COLLECTED DATA =
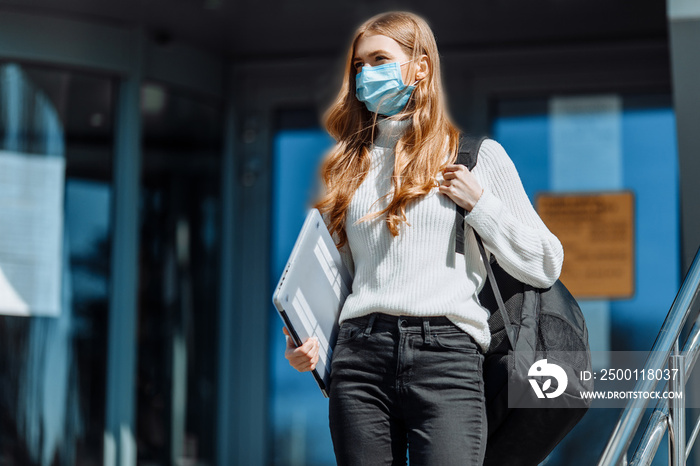 Beautiful young girl in a mask from coronovirus, student on the background of educational envy, women returning from work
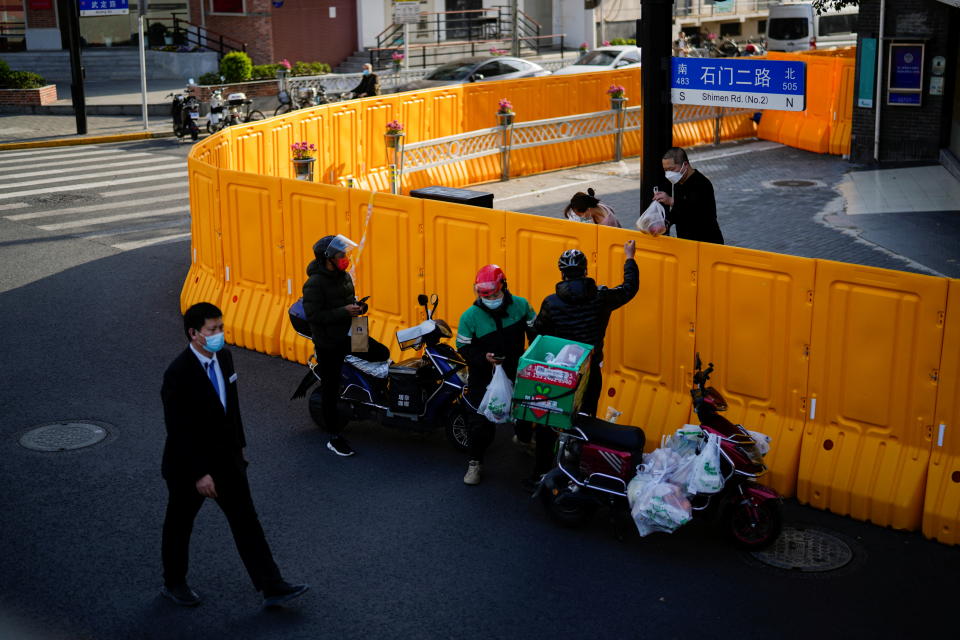 A delivery worker passes food to a man over the barriers of an area under lockdown amid the coronavirus disease (COVID-19) pandemic, in Shanghai, China March 23, 2022. REUTERS/Aly Song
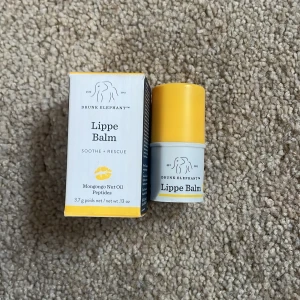 Lippe Balm från Drunk Elephant - Läppbalsam från Drunk Elephant i en söt gul och vit förpackning. Innehåller mongongo-nötolja och peptider för att återfukta och vårda läpparna. Kompakt och smidig att ta med i väskan.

WHAT IS NEEDED = Write the listing above out again exactly, dropping each image.

RESULT OF THE EXERCISE =
 Beautiful young girl in a mask from coronovirus, student on the background of educational envy, women returning from work
 A delivery worker passes food to a man over the barriers of an area under lockdown amid the coronavirus disease (COVID-19) pandemic, in Shanghai, China March 23, 2022. REUTERS/Aly Song
 Lippe Balm från Drunk Elephant - Läppbalsam från Drunk Elephant i en söt gul och vit förpackning. Innehåller mongongo-nötolja och peptider för att återfukta och vårda läpparna. Kompakt och smidig att ta med i väskan.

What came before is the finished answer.